Amy Johnson Crow from Generations Cafe is again hosting the blog writing prompt this year called 52 Ancestors in 52 Weeks: 2021. I'm going to try to participate more fully this year. I like that she gives us "permission" to interpret the prompt however we wish and share it however we wish. It doesn't have to be a blog post; it could be a family video, a letter to a child or grandchild, an e-mail, etc.
The Theme for Week 8 (Feb 22-28) is Power.
When I heard this theme, my first thought was quite literal: Power, as in electrical power. The reason for this is I remembered finding the easements for right-of-way filed in the Johnson County, Georgia Deed records for my grandparents, Lusion K Tapley (1870-1935) and Nealie V Drake Tapley (1895-1970). They signed these easements over to Georgia Power Company for them to run electrical lines and put up electrical poles on my grandparents' land for the Dellwood-Wrightsville lines.
Evidently, my grandparents owned two pieces of land. One was in Lusion's name, located in the 55th GM District, and the other in Nealie's, located in the 1326th GM District. His parcel must have been quite small because Georgia Power only paid him $10.00 for the right-of-way "upon a strip of land one hundred (100) feet in width." Whereas Georgia Power paid Nealie $65 for the same sized strip across her land.
These deeds were recorded on June 11 and June 16, 1927, respectively. So that is when electric lights came to Johnson County. All of my grandparents' neighbors granted the same basic easement right-of-way, being paid varying amounts depending on the size of their land.

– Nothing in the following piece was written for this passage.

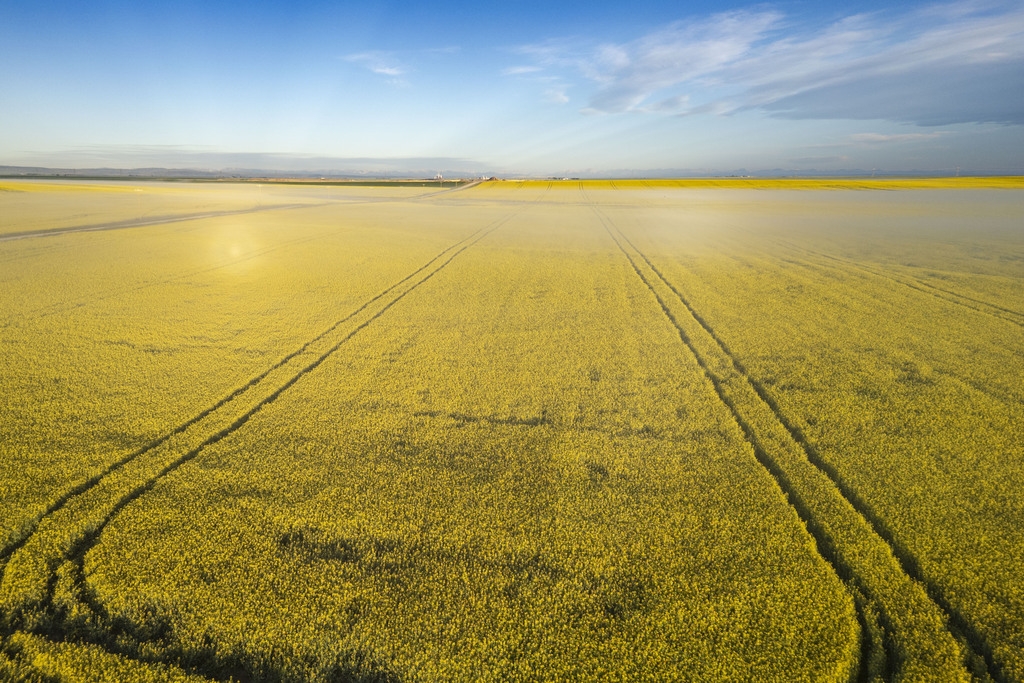 CHARLEBOIS: The canola oil witch hunt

One of Lusion's neighbors, whose land his bordered, was C.M. Schwalls, the brother of Lusion's second wife, Mattie Schwalls. One of Nealie's neighbors was W.S. Pool, though already passed by this time, who was the father of Lusion's sister-in-law, Reida Mae Poole. Reida Mae was married to his oldest brother, James "Fella." (The W.S. could have also referred to Reida Mae's brother. The land may have passed to him.) Such is small towns (and counties!).
I recall the day I found these while searching the Johnson County Courthouse for deed records. I was in awe. I've had electricity my entire life. I had never given any thought about when electrical lines were first run across the land. My father was born a year after these easements were recorded, and evidently he found it interesting also. I remember him poring over them. I can't say that during his childhood, my father always had electricity, because the family was poor, and electricity wasn't free. But electricity was available in the area his whole life. [I am sure this had an effect on him and is why he was so diligent in paying the power (or "light") bill on time or early throughout his life.]
We tend to take power for granted. Folks moan and groan when it goes out for a few hours or even a few minutes. But once upon a time, less than 100 years ago, my family did not even have electricity run to their house. I am grateful every time I flip a switch.